DESCRIPTION OF THE TASK: Return every entry below word for word and leave out any picture.

AVAILABLE DATA:
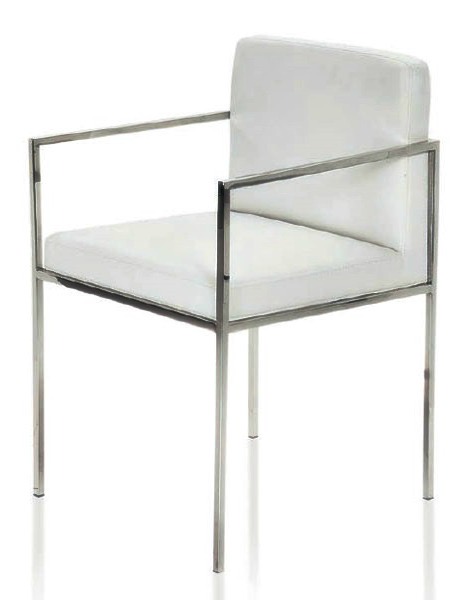 Silla cromada tapizada en blanco (S507)
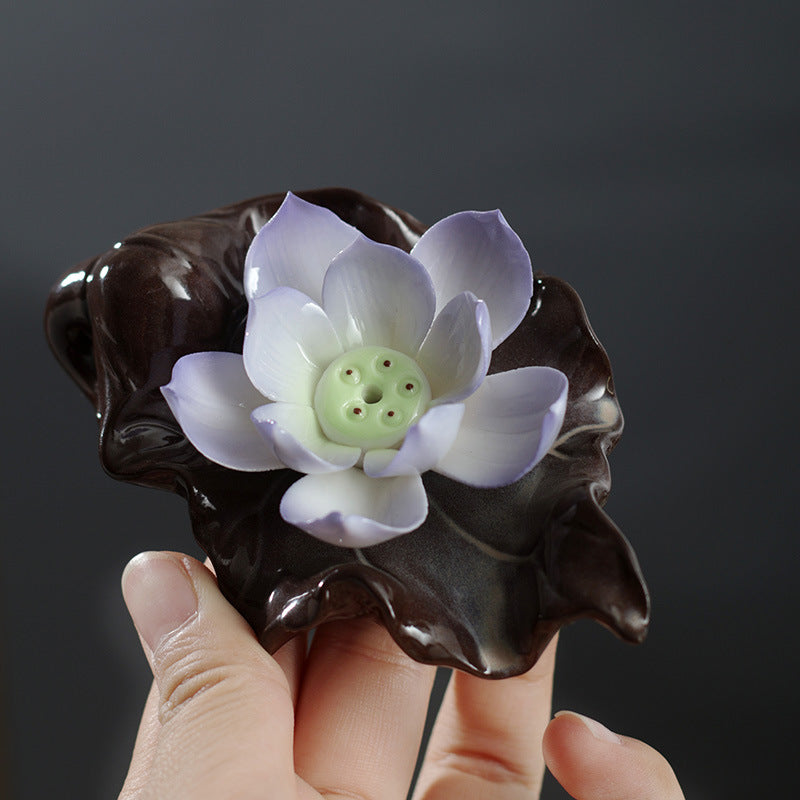 Chinese Classical Zen Lotus Ceramic Ornament Incense Holder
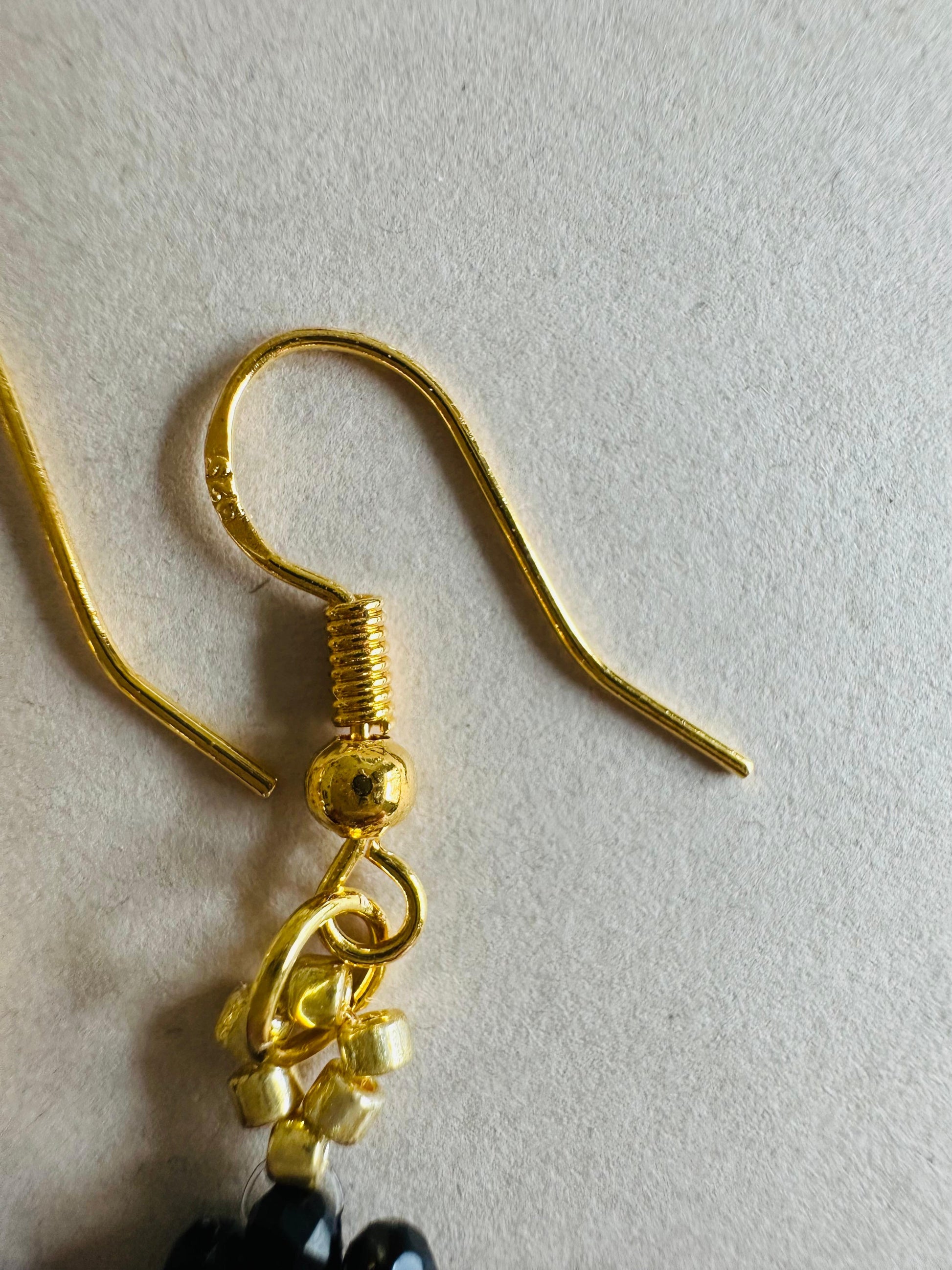 DARK FLORAL Handmade Earrings - Gold or Silver Options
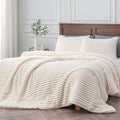 All-Season Fleece Queen Comforter Set -Super Soft & Warm Fluffy White Bedding, Luxury Fuzzy Heavy Bed Set for Winter with 2 Pill... - Luxurious Quilted Duvet Cover Set - Default Title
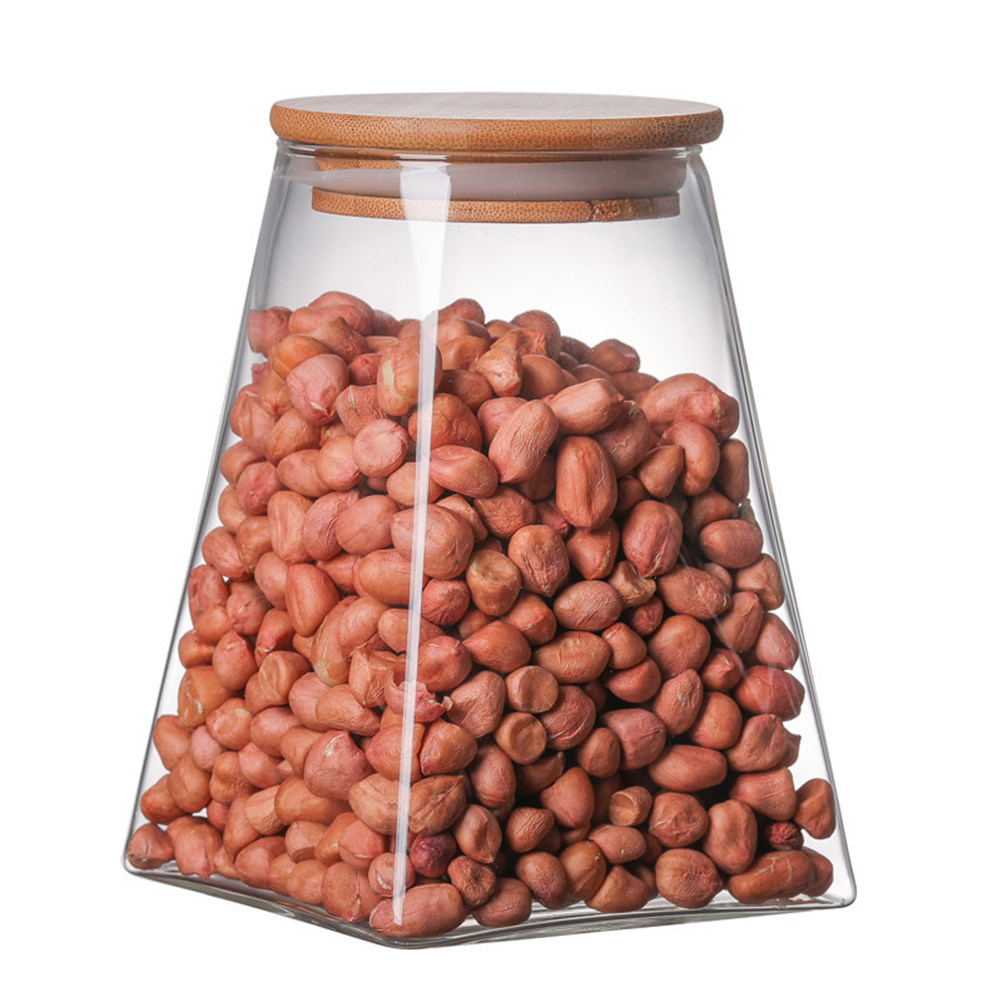 Food Storage Jars With Wooden Lids - Glass Grains Storage Tank Airtight Sealed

ANSWER SPACE:
 Silla cromada tapizada en blanco (S507)
 Chinese Classical Zen Lotus Ceramic Ornament Incense Holder
 DARK FLORAL Handmade Earrings - Gold or Silver Options
 All-Season Fleece Queen Comforter Set -Super Soft & Warm Fluffy White Bedding, Luxury Fuzzy Heavy Bed Set for Winter with 2 Pill... - Luxurious Quilted Duvet Cover Set - Default Title
 Food Storage Jars With Wooden Lids - Glass Grains Storage Tank Airtight Sealed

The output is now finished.